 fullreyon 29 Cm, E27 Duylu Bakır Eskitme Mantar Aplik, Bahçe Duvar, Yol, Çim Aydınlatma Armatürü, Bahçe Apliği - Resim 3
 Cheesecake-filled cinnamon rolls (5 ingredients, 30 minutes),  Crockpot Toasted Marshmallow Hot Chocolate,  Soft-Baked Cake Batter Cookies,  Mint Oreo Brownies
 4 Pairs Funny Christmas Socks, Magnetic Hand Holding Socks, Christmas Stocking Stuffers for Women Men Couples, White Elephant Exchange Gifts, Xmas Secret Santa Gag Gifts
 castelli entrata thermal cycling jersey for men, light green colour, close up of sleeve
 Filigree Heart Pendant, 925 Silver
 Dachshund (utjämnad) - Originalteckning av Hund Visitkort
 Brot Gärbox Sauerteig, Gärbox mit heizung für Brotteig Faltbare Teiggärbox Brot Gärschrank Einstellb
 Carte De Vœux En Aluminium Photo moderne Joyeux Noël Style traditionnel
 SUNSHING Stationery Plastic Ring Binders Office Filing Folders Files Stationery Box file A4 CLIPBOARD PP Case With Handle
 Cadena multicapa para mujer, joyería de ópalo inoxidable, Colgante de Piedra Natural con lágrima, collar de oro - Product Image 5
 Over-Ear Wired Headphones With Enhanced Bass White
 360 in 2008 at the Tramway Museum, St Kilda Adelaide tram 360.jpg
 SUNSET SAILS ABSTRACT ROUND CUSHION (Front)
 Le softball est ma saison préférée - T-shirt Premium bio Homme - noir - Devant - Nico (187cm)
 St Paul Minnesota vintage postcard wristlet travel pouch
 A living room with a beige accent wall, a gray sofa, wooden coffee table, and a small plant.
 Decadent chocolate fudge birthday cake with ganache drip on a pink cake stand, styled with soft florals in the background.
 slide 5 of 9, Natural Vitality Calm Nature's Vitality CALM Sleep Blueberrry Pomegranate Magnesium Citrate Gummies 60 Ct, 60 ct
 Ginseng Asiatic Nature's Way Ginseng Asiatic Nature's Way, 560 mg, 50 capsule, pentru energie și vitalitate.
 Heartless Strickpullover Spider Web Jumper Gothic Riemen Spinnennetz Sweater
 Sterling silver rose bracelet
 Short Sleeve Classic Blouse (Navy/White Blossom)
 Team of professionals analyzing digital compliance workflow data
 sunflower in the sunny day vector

┄┄┄┄┄┄┄┄┄┄

* [TASK DIRECTIONS]: Transcribe the data above verbatim.

* [ANSWER BELOW]:
 fullreyon 29 Cm, E27 Duylu Bakır Eskitme Mantar Aplik, Bahçe Duvar, Yol, Çim Aydınlatma Armatürü, Bahçe Apliği - Resim 3
 Cheesecake-filled cinnamon rolls (5 ingredients, 30 minutes),  Crockpot Toasted Marshmallow Hot Chocolate,  Soft-Baked Cake Batter Cookies,  Mint Oreo Brownies
 4 Pairs Funny Christmas Socks, Magnetic Hand Holding Socks, Christmas Stocking Stuffers for Women Men Couples, White Elephant Exchange Gifts, Xmas Secret Santa Gag Gifts
 castelli entrata thermal cycling jersey for men, light green colour, close up of sleeve
 Filigree Heart Pendant, 925 Silver
 Dachshund (utjämnad) - Originalteckning av Hund Visitkort
 Brot Gärbox Sauerteig, Gärbox mit heizung für Brotteig Faltbare Teiggärbox Brot Gärschrank Einstellb
 Carte De Vœux En Aluminium Photo moderne Joyeux Noël Style traditionnel
 SUNSHING Stationery Plastic Ring Binders Office Filing Folders Files Stationery Box file A4 CLIPBOARD PP Case With Handle
 Cadena multicapa para mujer, joyería de ópalo inoxidable, Colgante de Piedra Natural con lágrima, collar de oro - Product Image 5
 Over-Ear Wired Headphones With Enhanced Bass White
 360 in 2008 at the Tramway Museum, St Kilda Adelaide tram 360.jpg
 SUNSET SAILS ABSTRACT ROUND CUSHION (Front)
 Le softball est ma saison préférée - T-shirt Premium bio Homme - noir - Devant - Nico (187cm)
 St Paul Minnesota vintage postcard wristlet travel pouch
 A living room with a beige accent wall, a gray sofa, wooden coffee table, and a small plant.
 Decadent chocolate fudge birthday cake with ganache drip on a pink cake stand, styled with soft florals in the background.
 slide 5 of 9, Natural Vitality Calm Nature's Vitality CALM Sleep Blueberrry Pomegranate Magnesium Citrate Gummies 60 Ct, 60 ct
 Ginseng Asiatic Nature's Way Ginseng Asiatic Nature's Way, 560 mg, 50 capsule, pentru energie și vitalitate.
 Heartless Strickpullover Spider Web Jumper Gothic Riemen Spinnennetz Sweater
 Sterling silver rose bracelet
 Short Sleeve Classic Blouse (Navy/White Blossom)
 Team of professionals analyzing digital compliance workflow data
 sunflower in the sunny day vector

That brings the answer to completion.